**Problem to solve**
What you return should match the material below line for line, except that no image appears in it.

**Information provided**
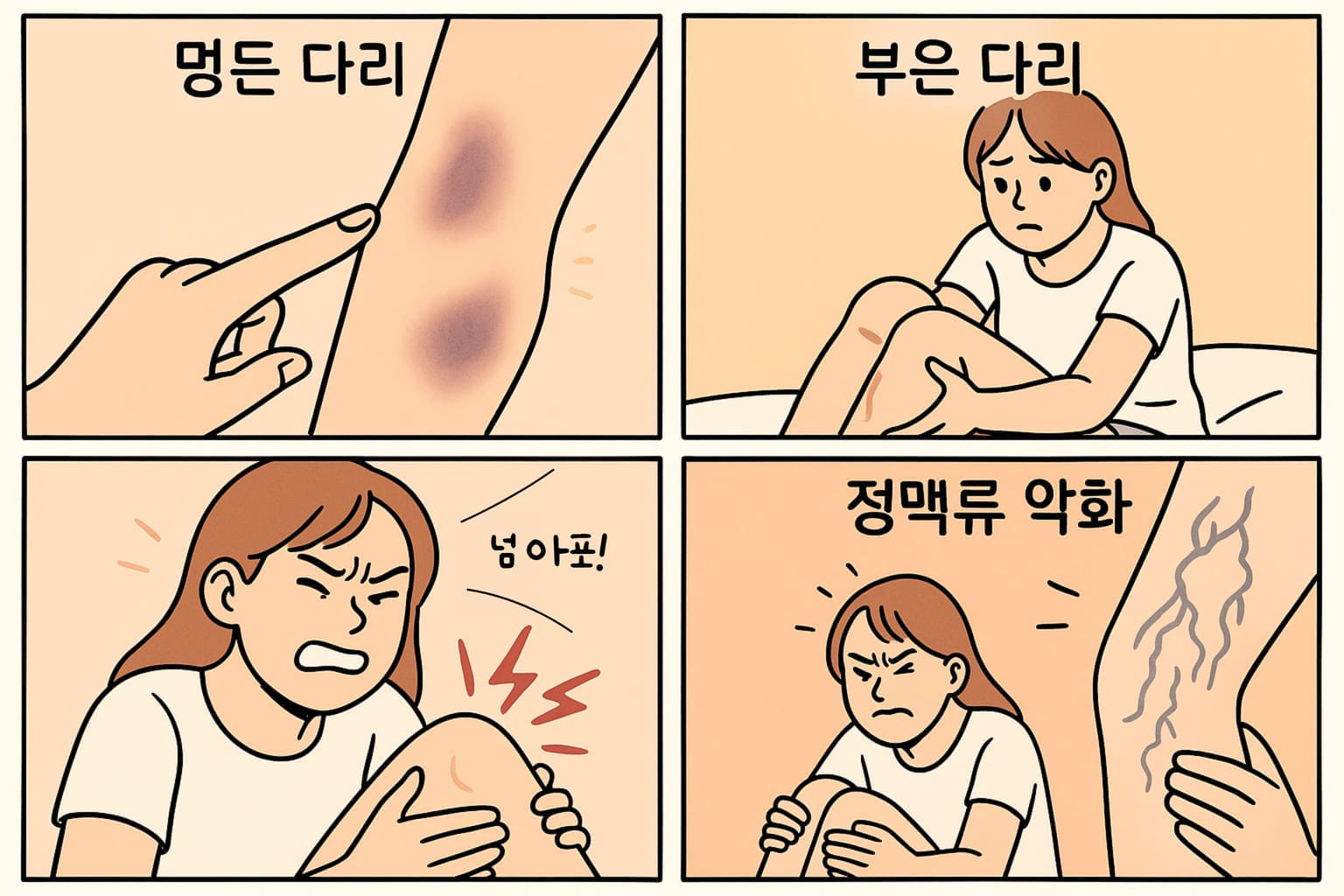 종아리 마사지기의 부작용 4가지 케이스. 과도한 세기로 다리에 멍이 들거나, 더 붓거나, 다리 통증이 심하게 느껴진다거나, 정맥류가 더 악화한다는 부작용 등이 있다.
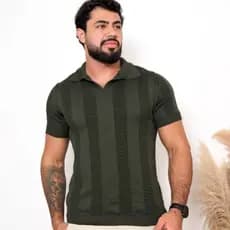 Camiseta Gola Polo Tricot Texturizada Masculina Clássica Moderna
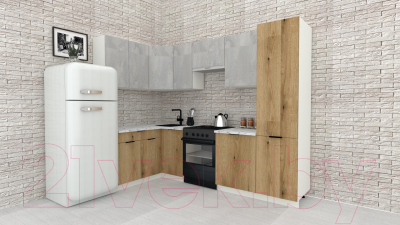 Кухонный гарнитур ВерсоМебель Эко-1 1.4x2.6 левая (бетонный камень/дуб эвок прибрежный/ст.альберика)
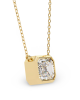 Lana Emerald Cut Lab Grown Diamond Solitaire Pendant on gold chain Lana Emerald Cut Lab Grown Diamond Solitaire Pendant on gold chain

**Reply to the task**
 종아리 마사지기의 부작용 4가지 케이스. 과도한 세기로 다리에 멍이 들거나, 더 붓거나, 다리 통증이 심하게 느껴진다거나, 정맥류가 더 악화한다는 부작용 등이 있다.
 Camiseta Gola Polo Tricot Texturizada Masculina Clássica Moderna
 Кухонный гарнитур ВерсоМебель Эко-1 1.4x2.6 левая (бетонный камень/дуб эвок прибрежный/ст.альберика)
 Lana Emerald Cut Lab Grown Diamond Solitaire Pendant on gold chain Lana Emerald Cut Lab Grown Diamond Solitaire Pendant on gold chain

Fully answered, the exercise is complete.